Maria, 74, is chairing a committee group which is driving forward a plan for a memorial, either in Govan, or in the city's George Square.

Maria would also like Mary's part in Glasgow's history to be recognised in the school curriculum.

She said: "Mary was instrumental in the strike against rent rises.

"Around 20,000 people came out in support, yet her involvement is barely recognised.

"Once she became a councillor she campaigned for municipal banks, wash houses and free milk for children.

"She also pioneered the first family-planning clinic in Glasgow. Despite all of this, she doesn't appear in the history books."

Mary was born on February 22, 1875, in Kilbarchan, the third of seven children, and the son of a carpet weaver.

She married David Barbour in 1896 and the couple settled in Govan, going on to have two sons.

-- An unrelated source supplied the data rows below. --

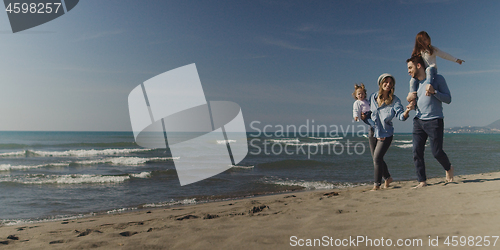 Image of Young family enjoying vecation during autumn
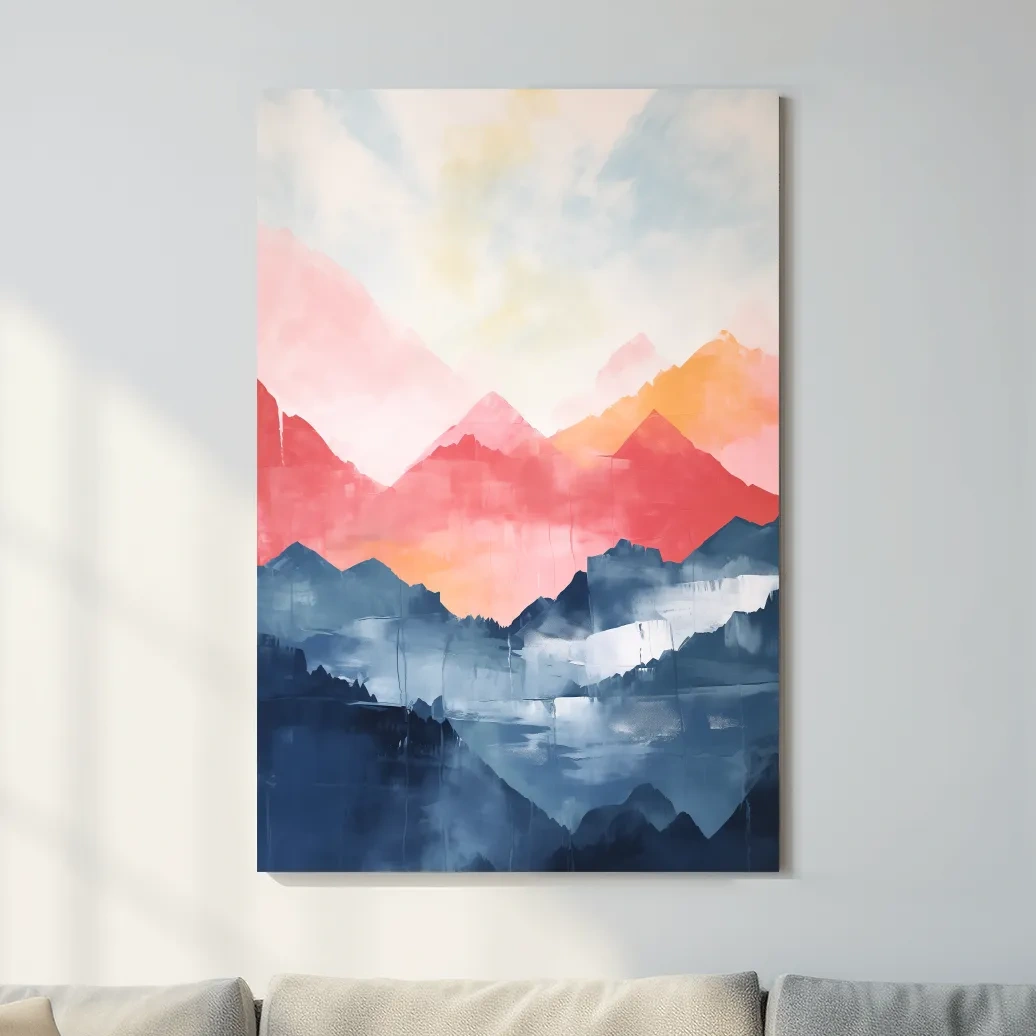 Colorful abstract mountain wall art, vibrant watercolor style painting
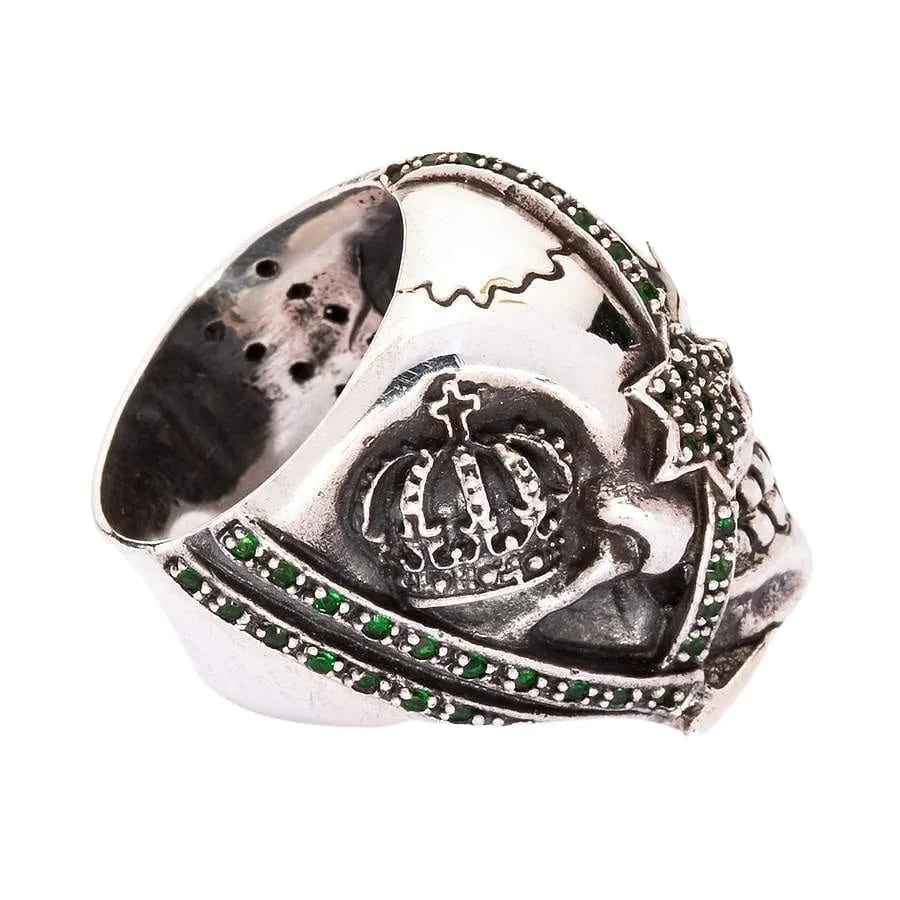 Green Emerald Crown Pirate Sterling Silver Skull Ring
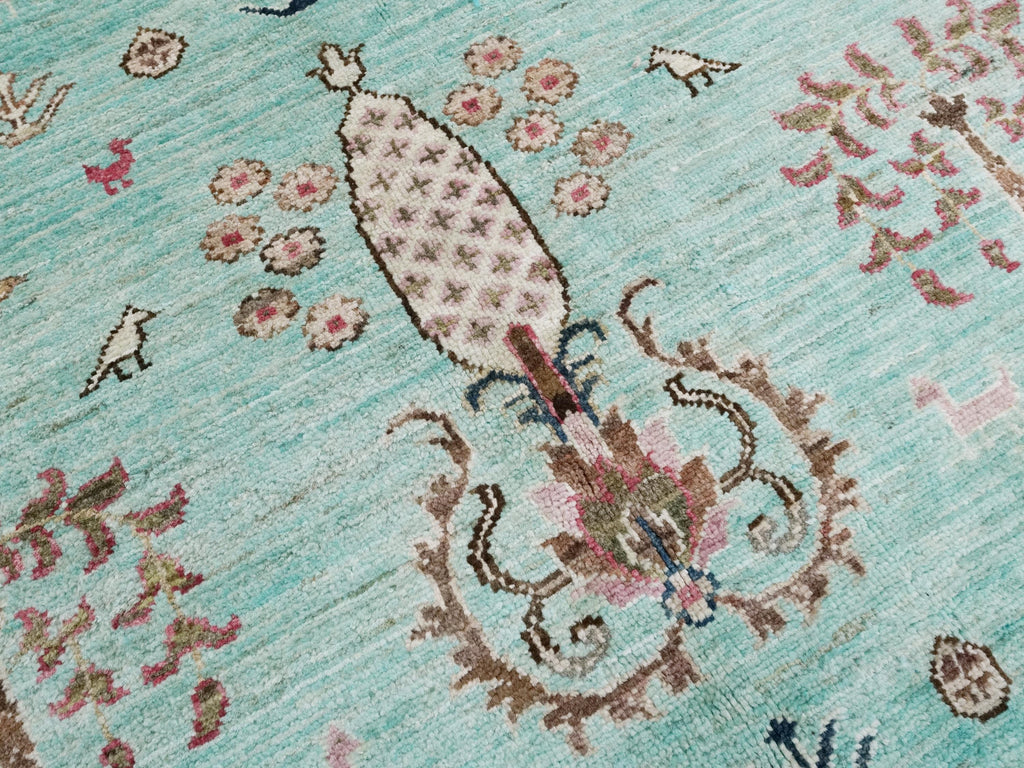 6x8 Ft Hand Knotted Cyan Serapi Rug - Ghazni Wool Persian Rug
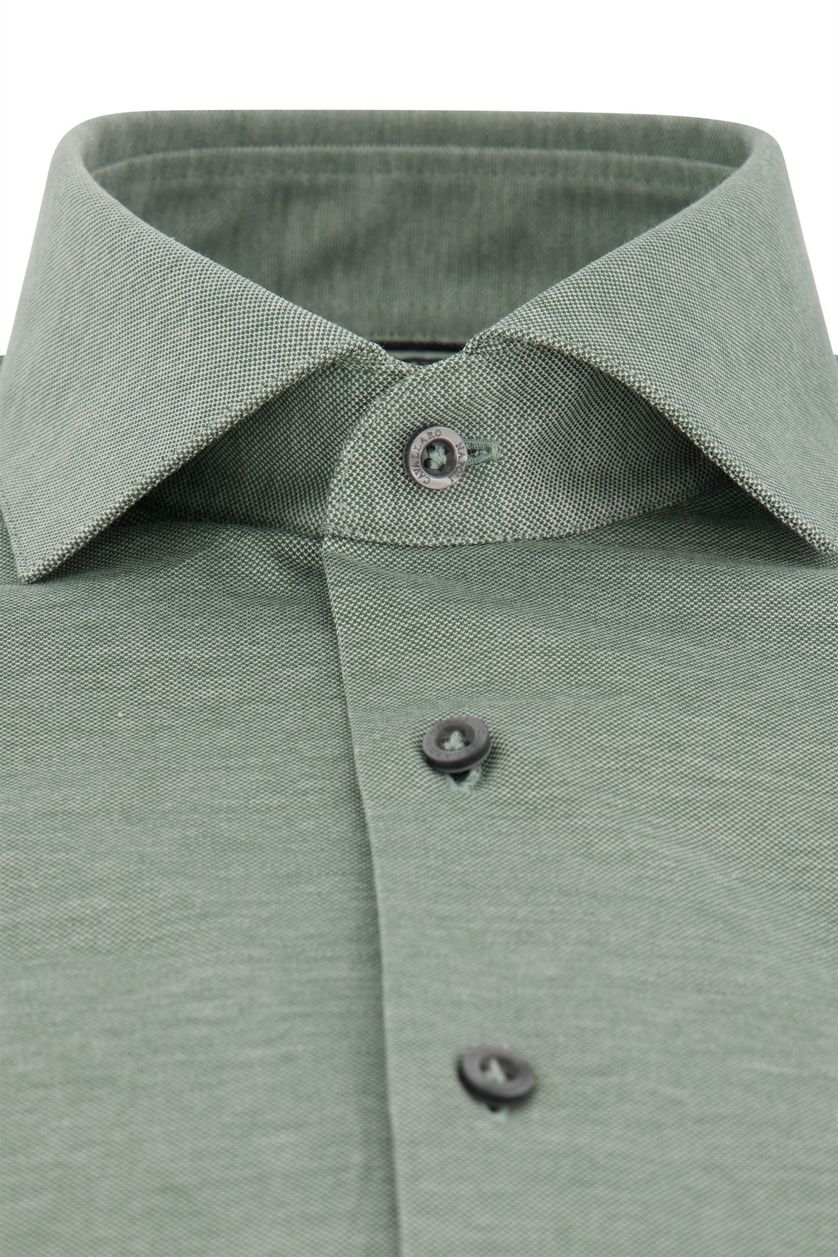 Cavallaro casual overhemd normale fit groen effen katoen wide spread boord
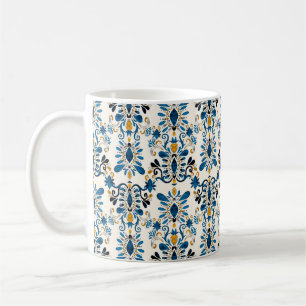 Watercolor seamless pattern with ikat. Tie dye wat Coffee Mug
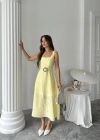 Sarı Kuplu Uzun Elbise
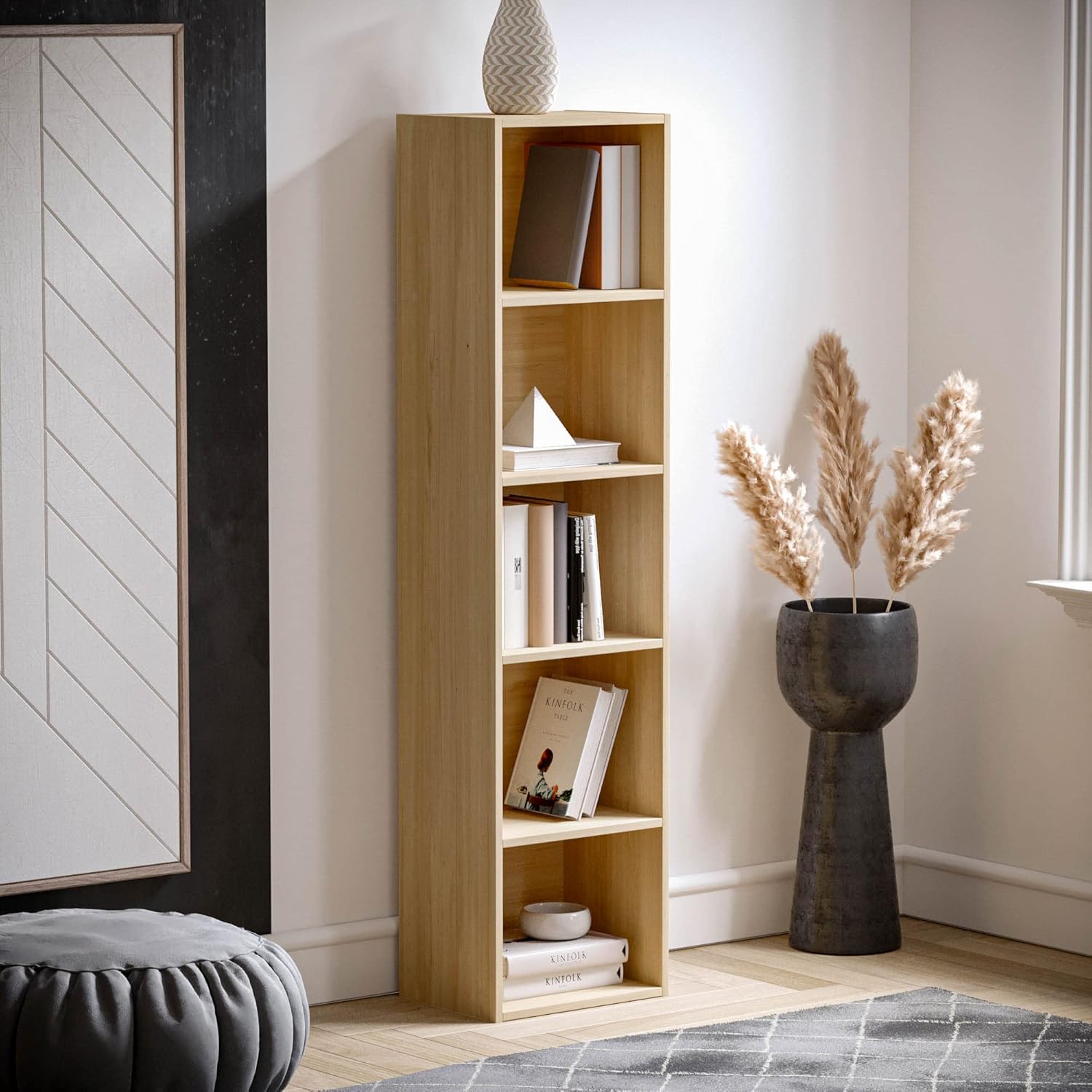 Vida Designs - Oxford Cube - 5 étagères en bois chêne, compacte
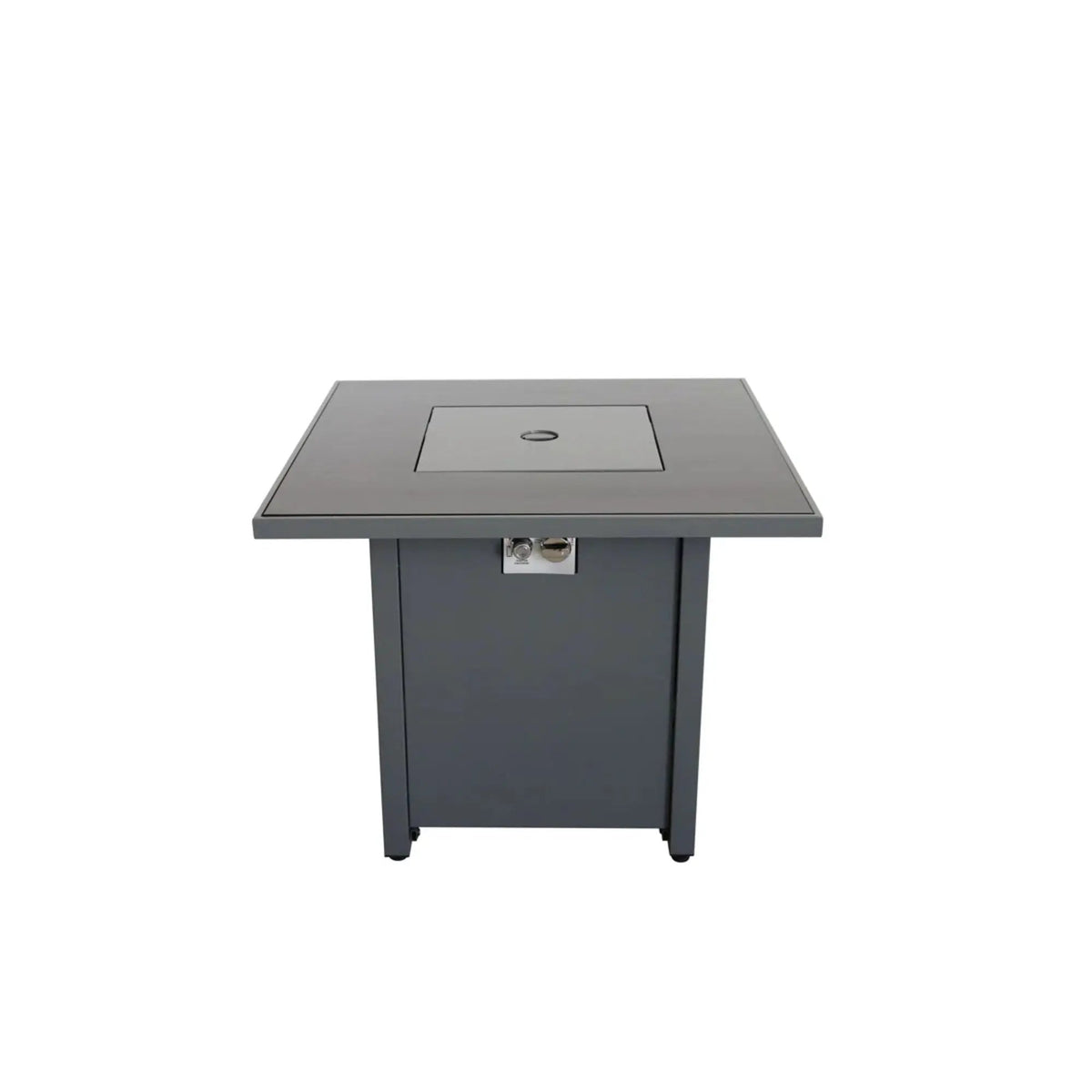 Gray Fire Pit Table | Hidden Propane Tank | Push Button Ignition | Year-Round Use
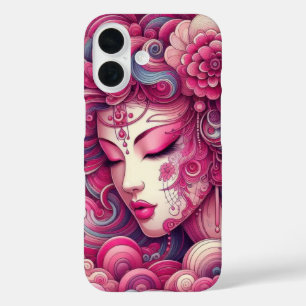 Coques iPhone 16 Vecteur oriental ondes fractales roses de Geisha a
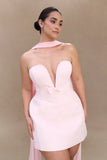Orellia Strapless Suiting Mini Dress Soft Pink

She first became politically active after joining and becoming an active member of the Kinning Park Co-operative Guild.

At the beginning of the First World War the landlords tried to implement steep rent increases.

At risk were 7000 pensioners and families whose men were fighting in France.

This brought about the formation of the Glasgow Women's Housing Association and many local housing associations to resist the increases.

Mary actively organised tenant committees and eviction resistance and the protesters became known as "Mrs Barbour's Army".

Maria said: "In those days housing was in the hands of private landlords. Most of the men were away fighting in the war. The landlords raised the rent because they thought they could get away with it."

The usual method of preventing eviction was to block the entrance to the tenement.

If the sheriff officers managed to get as far as the entrance, another tactic was to humiliate them – pulling down their trousers was a commonly used method.

The resistance spread to the whole of the Clydeside area and climaxed on November 17, 1915, with one of the biggest demonstrations in Glasgow's political history.

Around 20,000 people came out in support of the campaign.

Thousands of women and shipyard and engineering workers paraded through the streets of the city to Glasgow Sheriff Court where the demonstration reached near riot proportions.

Out of this defiant stand came Prime Minister Lloyd George's "Rent Restriction Act" which heralded a change in the housing system, benefiting tenants across the country.

Mary's involvement in the struggle had made her a working class heroine in Govan and much further afield.

In 1920 she stood as the Labour candidate for Fairfield ward in Govan, and was elected to Glasgow Town Council, becoming the city's first Labour woman councillor.

She was also Glasgow Corporation's first woman baillie, a position she held from 1924 until 1927, and helped set up the Women's Welfare and Advisory Clinic – Glasgow's first family-planning centre – in 1925.

Until her retirement from the council in 1931, Mary worked relentlessly on behalf of the working class of her constituency. She died in 1958 at the age of 83.

Maria, who was Labour MP for Maryhill until 2001, is putting together a plan to create a memorial to Mary and hopes the project could come to fruition in the next two years.

She said: "2015 will be the centenary of the rent strike. Some of us got together and thought, let's take this opportunity to create a permanent memorial.

"We are seeking advice from people involved in sculpture to see what is feasible."